A technical explanation of yield maintenance is the prepayment penalty calculates the net present value of the remaining interest due on the loan to the end of the prepayment period. The loan payoff discount rate would be the difference between the new interest rate and the original mortgage’s interest rate. The difference between the two cash flows for the remaining of the balance of the original loan term, discounted to the present, is the yield maintenance prepayment penalty.
The short and sweet explanation is whatever amount of interest you sign up for in the term of the loan, you will pay it. If there are 3 years left on the loan, you will pay that amount of interest. That is over-simplified because you do have to factor in any variance between current interest rates and the note rate, but easier to wrap your head around.
Pros: non-recourse loans, lowest interest rates; assumable
Cons: Higher cost to exit the loan early
Defeasance – CMBS Loans
Defeasance is the substitution of the current collateral (the property) with US Treasuries that exactly mimic the stream of payments promised at the origination of the loan. The borrower’s property is released in exchange for this new collateral.
If Treasury rates rise above the original mortgage rate, the borrower benefits from this, because the price of Treasuries will fall, and the borrower will be able to setup a portfolio that mimics the original cash flows at a lower price than the amount that would have had to be repaid.
With yield maintenance, the note is paid off. But with defeasance, the note continues to term. Defeasance does not change anything about the cash inflows to the lender. While yield maintenance penalizes the lender when Treasury rates fall, fluctuations in the Treasury rates do not affect the lender using defeasance.
Pros: non-recourse loans, low interest rates, high leverage; assumable
Cons: Complicated process to setup; high cost to exit the loan early
There are some lenders that have lockout periods at the beginning of the loan that will not allow you to pay off the loan. Generally, a lockout period is the first one or two years of the loan. After the lockout period expires, the borrower can prepay the loan. Lenders with a lockout period generally have yield maintenance for a prepayment penalty.

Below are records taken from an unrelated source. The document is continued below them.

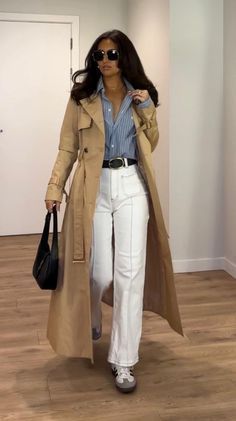 Classy Dressing, Woman Tips, Sofia Richie, Christmas Outfits, Looks Street Style, Trendy Outfit, Casual Weekend, Women Outfit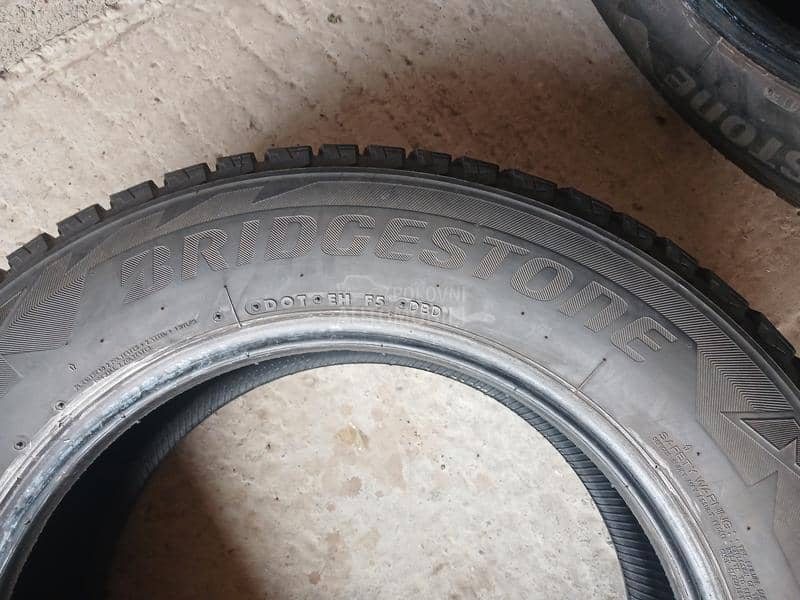 Bridgestone 225/65 R17 Zimska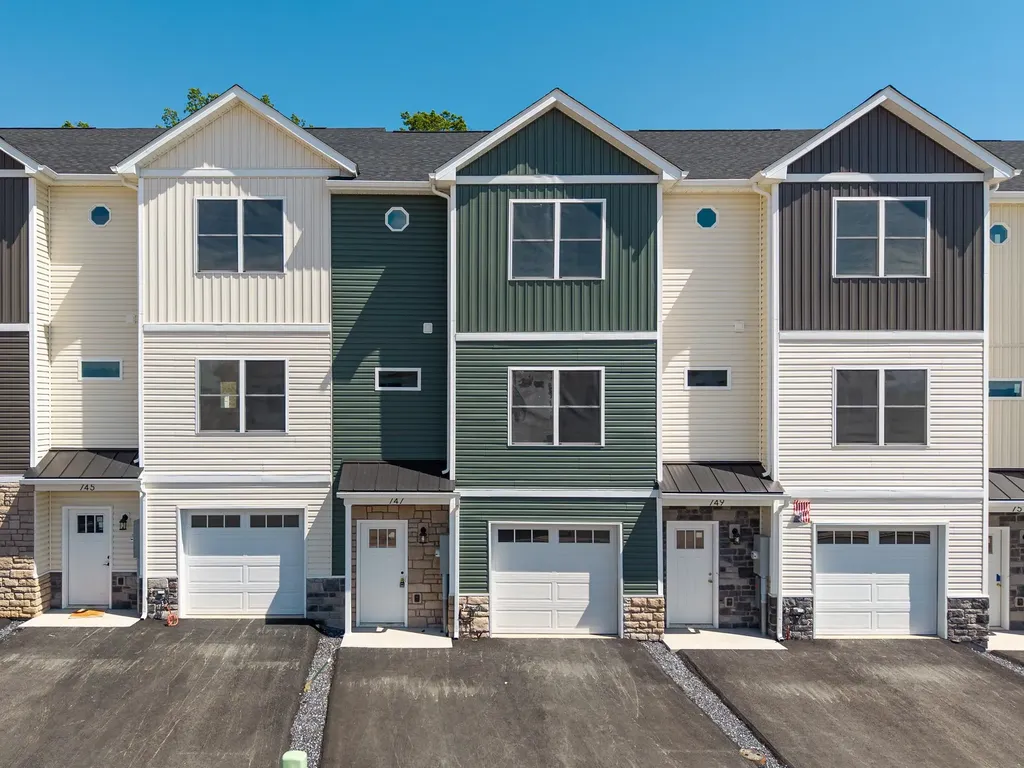 747 Zephyr Drive Rockingham VA 22801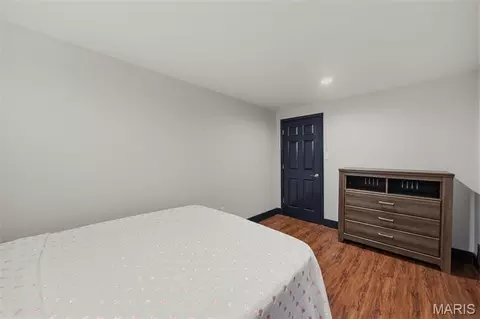 Bedroom - 834 Spring Hill Farm Dr, Ballwin, MO 63021 photo 6 of 6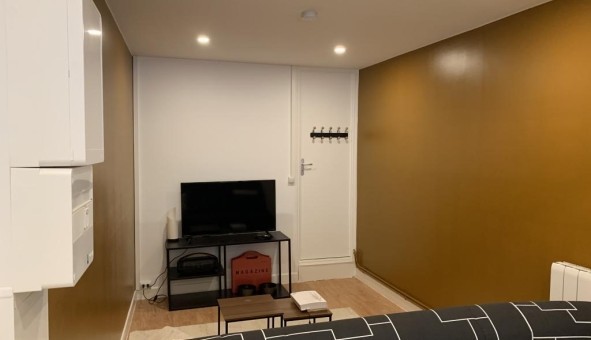 Logement tudiant Studio à Dorat (63300)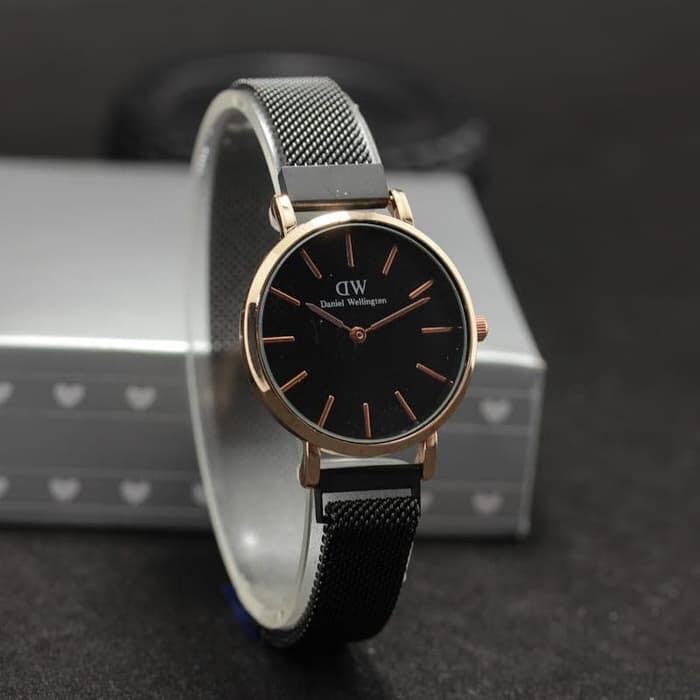  Jam  tangan wanita DW magnet rantai  pasir stainless steel 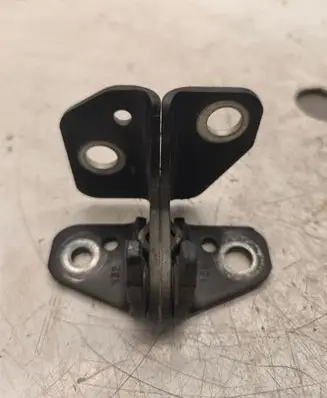 Jeep Grand Cherokee Front door upper hinge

Some lenders will allow you to pay down up to 20 percent of the loan balance in any given year without incurring a prepayment penalty. If your goal is to pay off the loan as soon as possible, this is a perfect prepayment option to have.
Before Choosing the Type of Prepayment Penalty Know Your Exit Strategy
Now that you know the basics about prepayment penalties, you’re ready to decide what structure makes most sense for you.
It is so stinking easy to focus on the interest rate as the most important element of the loan. It may or may not be. That isn’t the purpose of this discussion. The purpose is to educate and help you ask better questions so you can make better decisions.
None of us know what the future holds, we hope our marriages last forever and our loans go full term. But life is full of curve balls.
The best advice I can give to an investor around prepayment penalties is to really know your exit strategy. There should be multiple exit strategies both considered and in place. Whatever aligns best with the most probable exit strategy based on your due diligence and business model is the way to go.